Сейчас в свободные минуты занят наброской моего теоретического труда.[15]
Мыслей – хотя отбавляй, и общую программу представляю себе ясно, но откуда я возьму книги? Мне нужны будут: 1) все уставы (наши и иностранные), которые касаются быта и правил армии; 2) все учебники тактик (наши и чужие), чтобы просмотреть отдел о воспитании и т. д. и т. д., истории войн, особенно великих мастеров, чтобы выловить их приемы и манеру воспитывать… Видишь, моя рыбка и ласточка, куда потянуло твоего супруга и чем начинает наполняться его башка… Конечно, в Петрограде все библиотеки могут оказаться к моим услугам, но они все, вероятно, заперты, нет библиотекарей, нет людей для поисков.Сейчас у нас прекрасный солнечный день, ветра нет, и в моей комнатке ясно и весело; даже ожили мухи, а ночью, когда я работаю, к свечам подлетал даже комар, посмотрел на нас с недоумением, пропел короткую песню весны и, нервно ища тепло, сгорел на свечке…
Давай головку и малых, я вас обниму, расцелую и благословлю.
Моя славная женушка!
Получил сегодня от тебя два письма – от 24 и от 25 октября. Ты все повторяешь, что нет [писем] от нас с Осипом (подбригадный, вероятно, он, если ты не удостоила этим званием Трохвыма)… Я не знаю, где пропадают мои письма; я за это время написал тебе никак не менее 10 писем. Вероятно, все они плетутся по дорогам или изучаются каким-либо трудолюбивым цензором.
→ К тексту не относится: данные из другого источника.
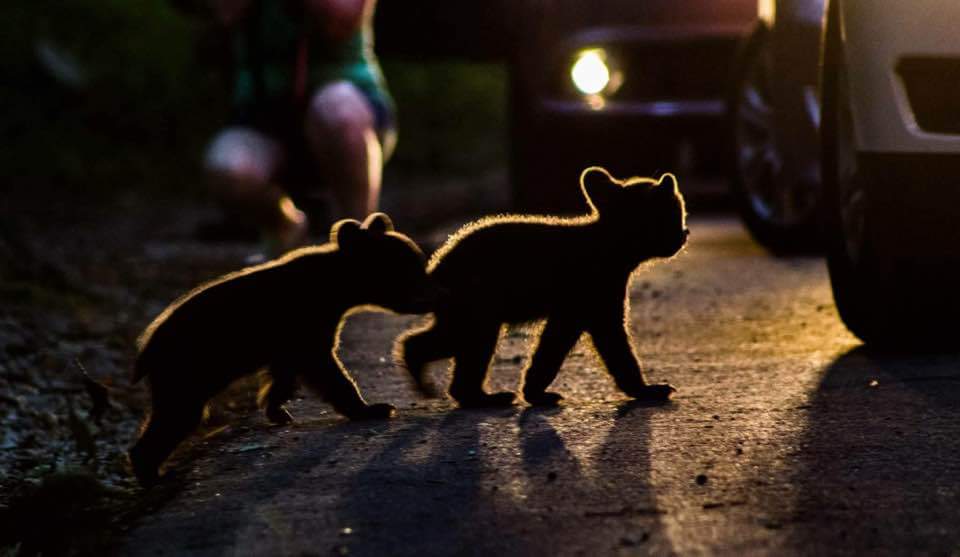 Baby Bears escape Gatlinburg fire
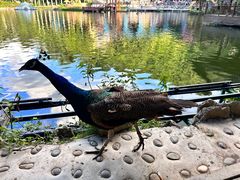 -西双版纳原始森林公园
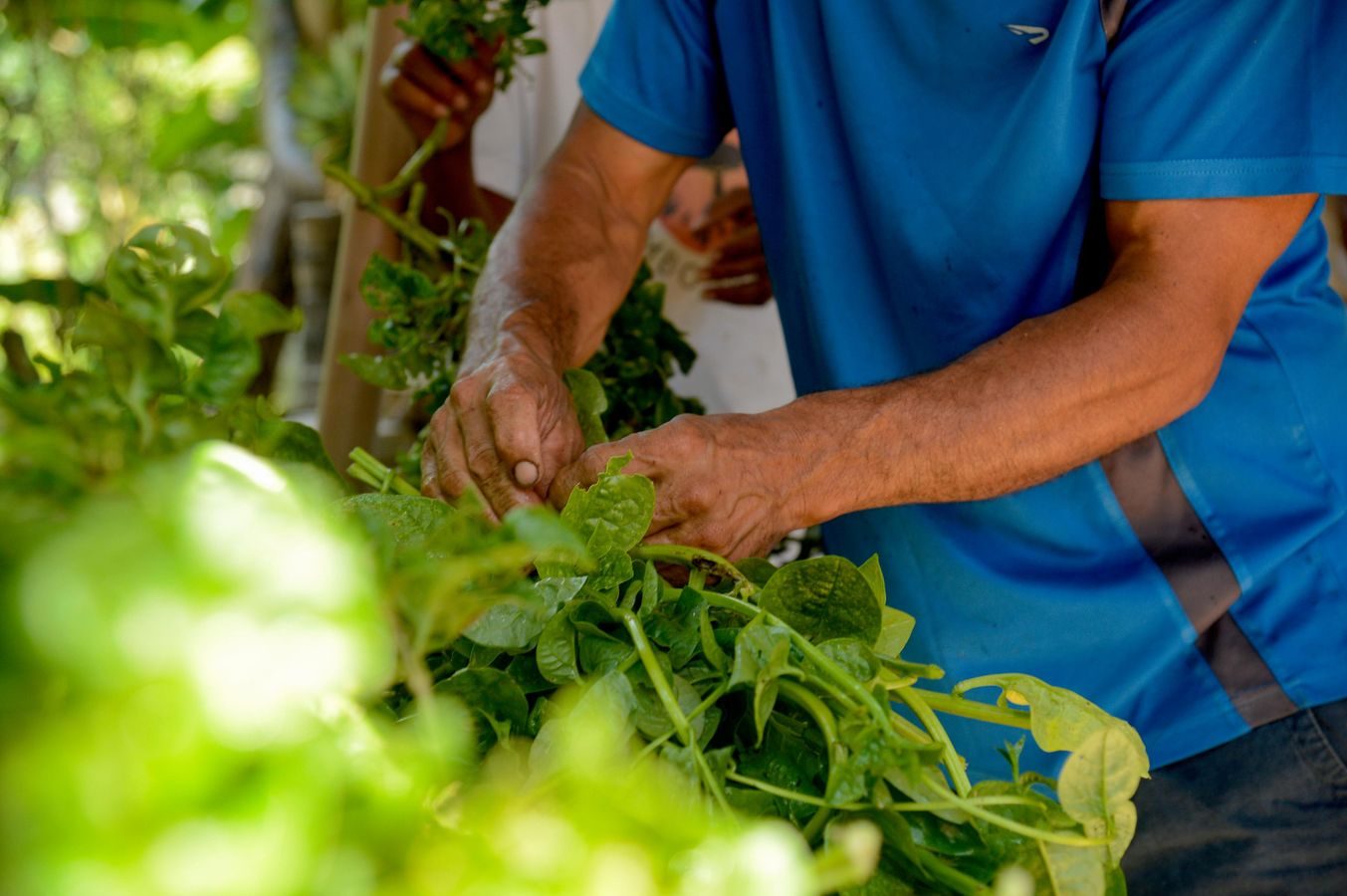 IA do MST vira referência no Sul Global e expõe desafio tecnológico da agricultura familiar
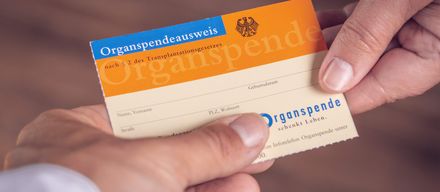 Organspendeausweis Organspende rettet Leben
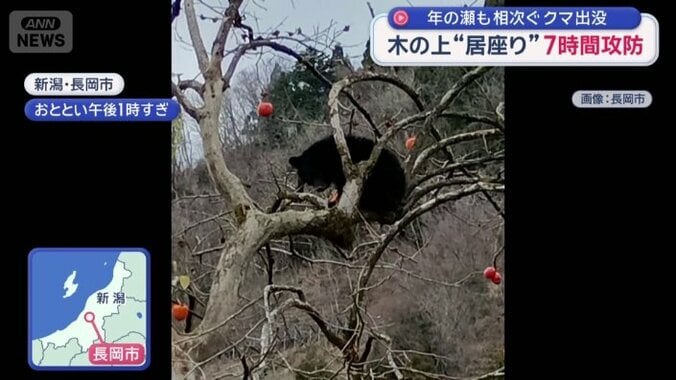 体長約70センチ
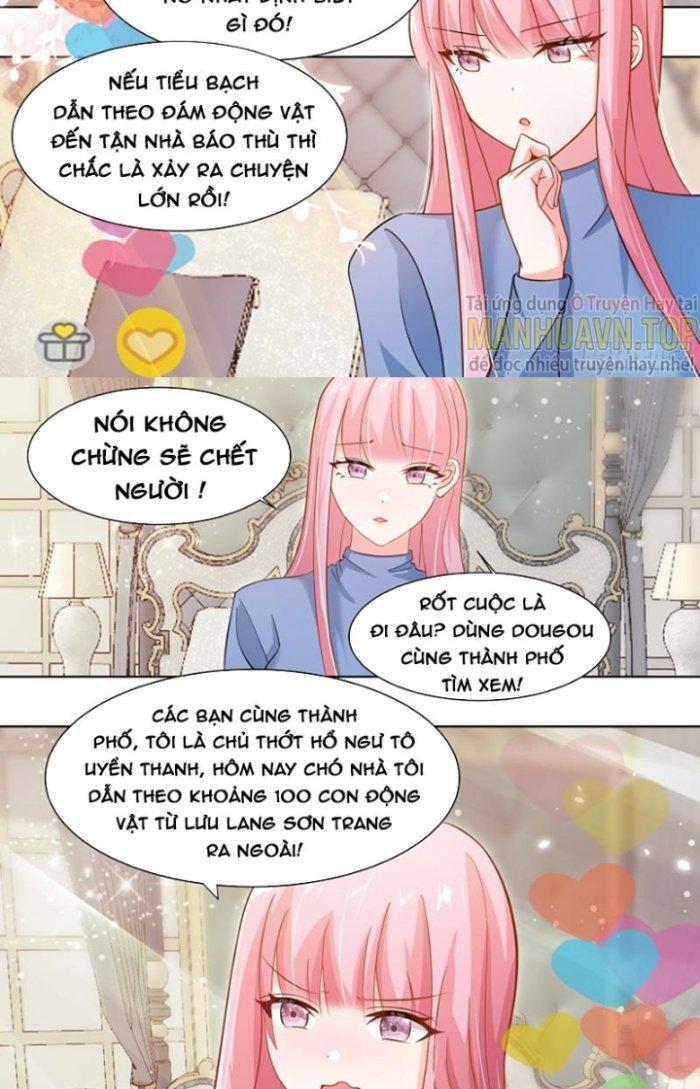 Trọng Sinh Thành Chó Của Nữ Thần Chapter 258 - Trang 4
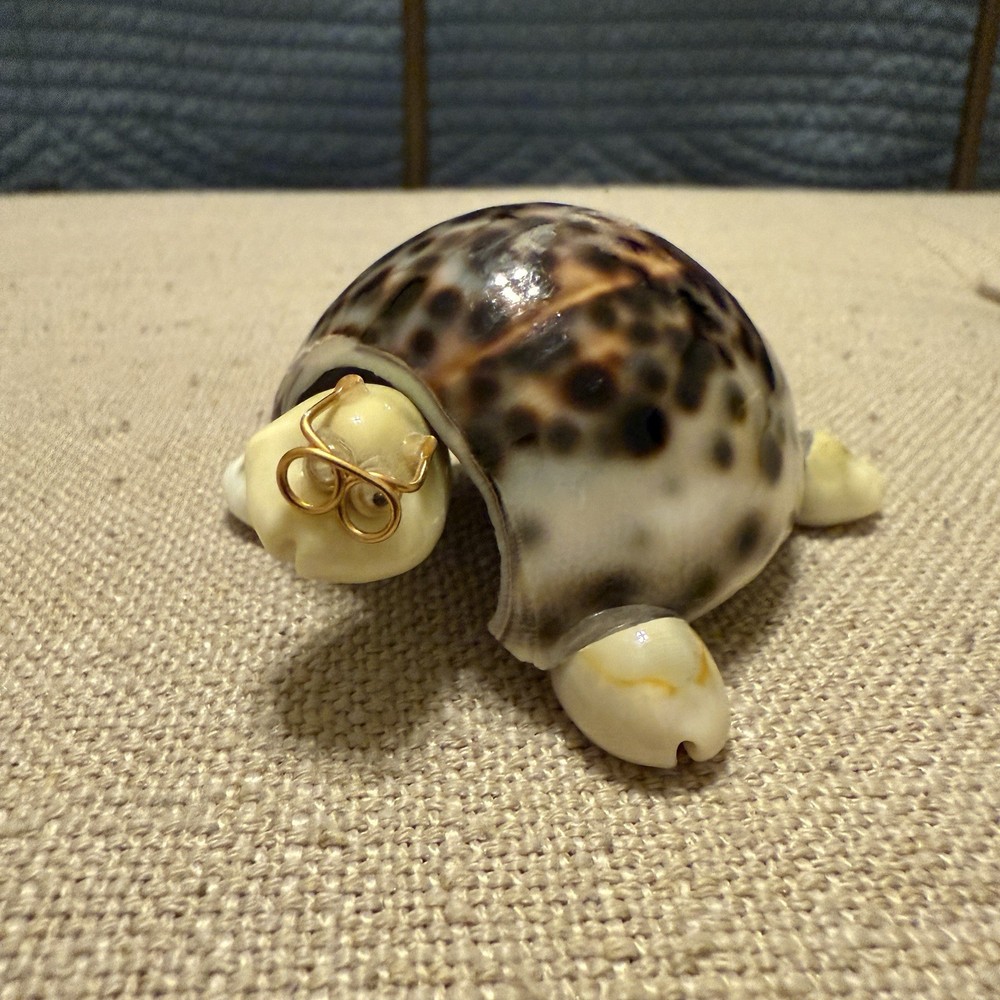 Hand Made Bobble Head Cowrie Shell Turtle With Glasses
Между прочим, Трохвым, произносящий нашу букву «и» вроде чего-то среднего между «ы» и «и», ближе к «ы», по-видимому, стал в тупик, как же ему произносить те слова, где есть «ы», и решил эту букву заменить гласным «и». Так, он «сыр», «дым» произносит «сир», «дим». Выходит все это ужасно смешно, и тем смешнее, что он сам всего этого не замечает. Я делаю иногда так, что он раз пять повторит свое классическое «сир»… и еле держусь от смеха.